> Provided data:

──────────────────────────────

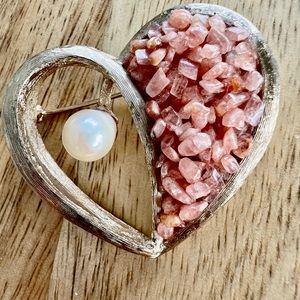 Swobada Heart Brooch with Pearl Accent (vintage 1960s)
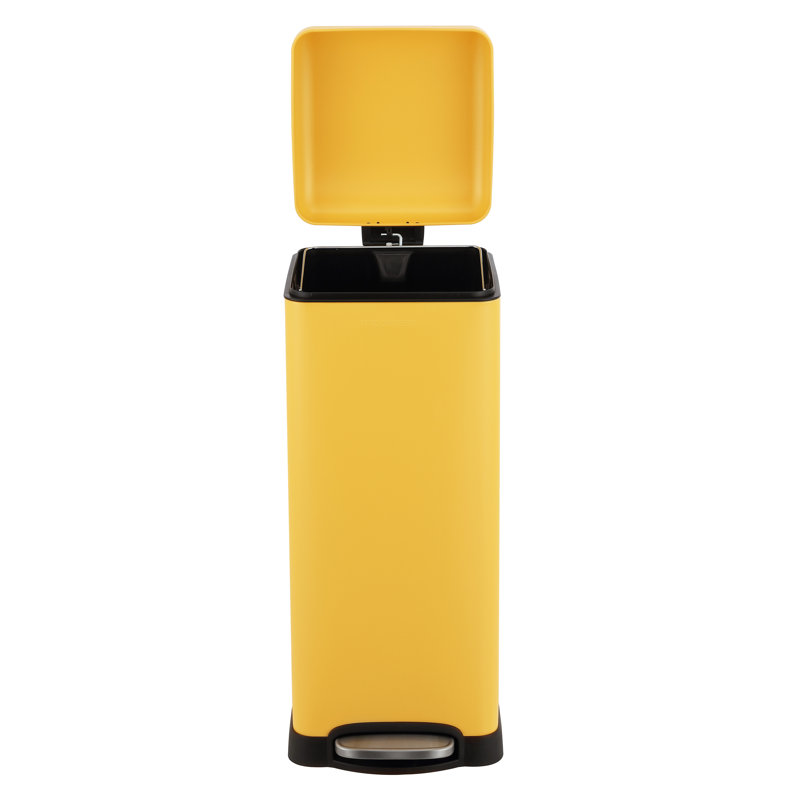 Poubelle à pédale Betty Retro Steel, 8 gallons, Jaune jonquille
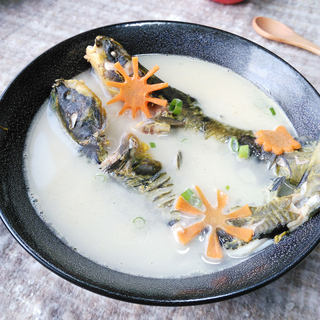 奶白黃顙魚湯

──────────────────────────────

> Description of the task:
The pictures stay out; copy the rest of the data word for word.

> Output below:
 Swobada Heart Brooch with Pearl Accent (vintage 1960s)
 Poubelle à pédale Betty Retro Steel, 8 gallons, Jaune jonquille
 奶白黃顙魚湯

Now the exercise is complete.